Un total de 38 personas ya han reservado una habitación en Galactic Suite, el primer hotel del espacio, que en el 2012 tiene previsto abrir sus puertas a 450 kilómetros de la tierra, y que contará con un spa en gravedad cero para que los clientes puedan disfrutar con una burbuja de agua. De las reservas realizadas a partir de enero de 2008 a través de la web de la compañía (www.galacticsuite.com), solo cuatro son de españoles, mientras que ocho proceden de Estados Unidos, siete de los Emiratos Árabes, seis de China, cinco de Rusia, otras cinco de Australia y tres de Sudamérica, según ha explicado Xavier Claramunt, creador de este proyecto de turismo global.

El viaje tendrá un coste de tres millones de euros e incluye, además de la estancia en el Galactic Suite, 18 semanas de preparación en una isla del Caribe para entrenar al turista en su experiencia espacial, donde podrá viajar acompañado de su familia. Claramunt ha explicado que la compañía trabaja ahora en el programa de actividades físicas, lúdicas y científicas que los turistas realizarán durante los cuatro días que dura la estancia, concebida "como si se tratara de la llegada al refugio más extremo de la Tierra". Ha asegurado que una de las experiencias más novedosas que podrán experimentar los clientes del hotel espacial es el spa que están desarrollando ingenieros y arquitectos de Galactic Suite, concebido como una esfera transparente en la que se introducirá una burbuja de agua de 20 litros.

Una burbuja dividida en mil burbujas

El turista, debidamente entrenado para evitar los efectos del agua en estado de gravidez, podrá jugar con la burbuja dividiéndola en miles de otras burbujas en un juego de nunca acabar. Además, la esfera transparente podrá ser compartida con los otros huéspedes del hotel. Xavier Claramunt ha explicado que al llegar al hotel los turistas serán recibidos con un combinado energético y conducidos a sus habitaciones para dejar el equipaje y acomodarse mientras los miembros de la tripulación revisan los sistemas y ponen en marcha el alojamiento. Está previsto que enseguida se conecten con la Tierra para saludar a familiares, amigos y a los medios de comunicación que lo soliciten. Después se procederá a preparar entre todos la comida y tanto los turistas como la tripulación se retirarán a sus habitaciones para descansar.
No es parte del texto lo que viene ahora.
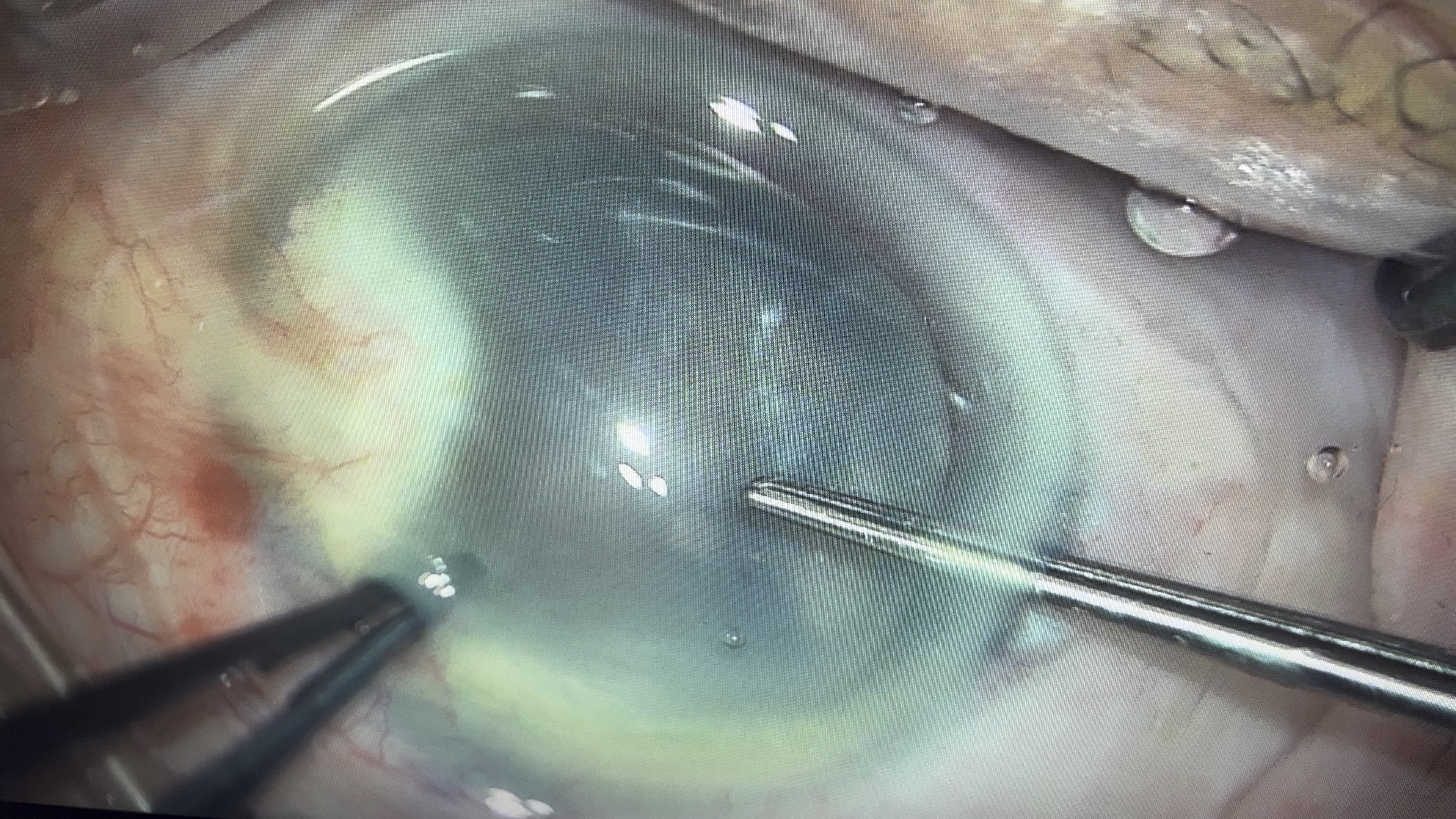 又是一例过熟期白内障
El segundo y el tercer día se iniciarán con ejercicios físicos, alguno de ellos en una cinta cilíndrica sin fin de bicicleta en la que se podrán ejercitar piernas y brazos. En las habitaciones los turistas tendrán tiempo para meditar, leer y observar el espacio, y las superficies de velcro que se han previsto permitirán movimientos controlados para las actividades que más les apetezcan. También podrán consultar información referente a la posición y velocidad del hotel en el espacio, así como buscar zonas geográficas en la Tierra o en el mapa sideral del espacio a través de unas pantallas instaladas junto a las ventanas de los módulos.

Seis personas, dos tripulantes y cuatro turistas en cada vuelo

Según ha recordado Claramunt, en cada vuelo viajarán seis personas, dos tripulantes y cuatro turistas, y durante los cuatro días de estancia en el hotel orbital el transbordador permanecerá anclado en el módulo base de llegada para dar seguridad al pasajero. Este módulo cumplirá la función de zona común de estar, y conectará con las habitaciones, cada una de ellas para dos personas, y con un módulo de servicios. Durante los cuatro días de estancia los turistas podrán ver salir y ponerse el sol 15 veces al día, y cada 80 minutos se completará una órbita alrededor de la Tierra. Inicialmente está previsto programar dos viajes a la semana y enviar unas 350 personas al año al espacio, pero no se descarta lanzar más módulos si la demanda de plazas es superior.

Asegura Xavier Claramunt que en el año 2012 habrá unas 40.000 personas con capacidad económica para comprar un billete de tres millones de euros, una cantidad que, pese a ser astronómica, dista mucho de los más de 20 millones de dólares que pagó el multimillonario Dennis Tito para ser el primer turista del espacio.